Progress could be made by moving away from the central bank’s “quasi-fiscal operations,” Victoria Kwakwa, the World Bank’s regional vice president for Eastern and Southern Africa, said in an interview with Reuters.

It did not say what those operations were, but the International Monetary Fund said last month that the central bank should reduce its non-core activities, which include printing money and borrowing from the government.

The Zimbabwean dollar has lost more than 60% of its value against the US dollar this year, while annual inflation stands at 47.6%, in a country still marked by memories of hyperinflation under the former longtime leader Robert Mugabe.

“That’s the crux of the problem, that there hasn’t been trust,” Kwakwa said.

“And every time people get (the currency), they try to get rid of it to get something else and so it constantly loses value.”

The local currency was revived in 2019 after a decade ofdollarization, but quickly lost value, and soon after authorities again allowed the use of foreign currencies in domestic transactions.

The central bank and finance ministry said last month they were working on measures to stabilize the currency and were considering linking the exchange rate to the price of gold, among other possible measures.

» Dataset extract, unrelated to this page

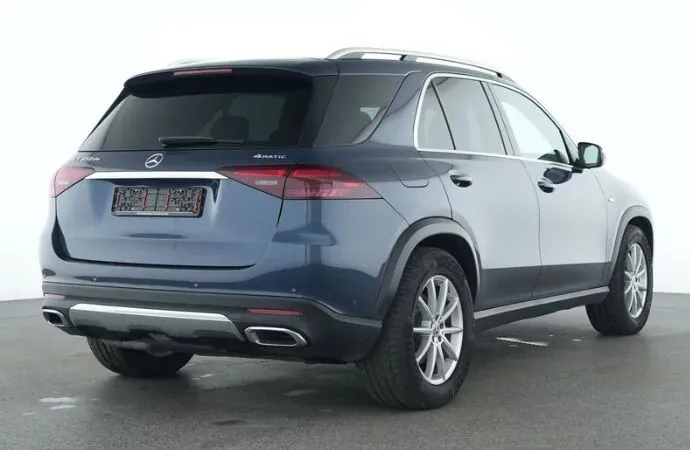 Mercedes-Benz Gle-Class 2025 photo 2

“The predictability of policy… the improvements that are being made by moving away from quasi-fiscal operations, all of that will help build more confidence,” Kwakwa said.

The World Bank is “committed” to an ongoing process from 2022 for Zimbabwe to write off billions of dollars in outstanding debts to it and other international lenders, he said.

Meanwhile, Kwakwa said she was “pleased” that China and India had signed debt restructuring deals with Zambia, the announcement of which by the country’s president last week raised hopes that it may be nearing the end of its default lasted more than three years.

“With official creditors out of the picture, the government now has the opportunity to focus more on getting a deal with commercial creditors. And we hope that this too is soon in sight,” he said.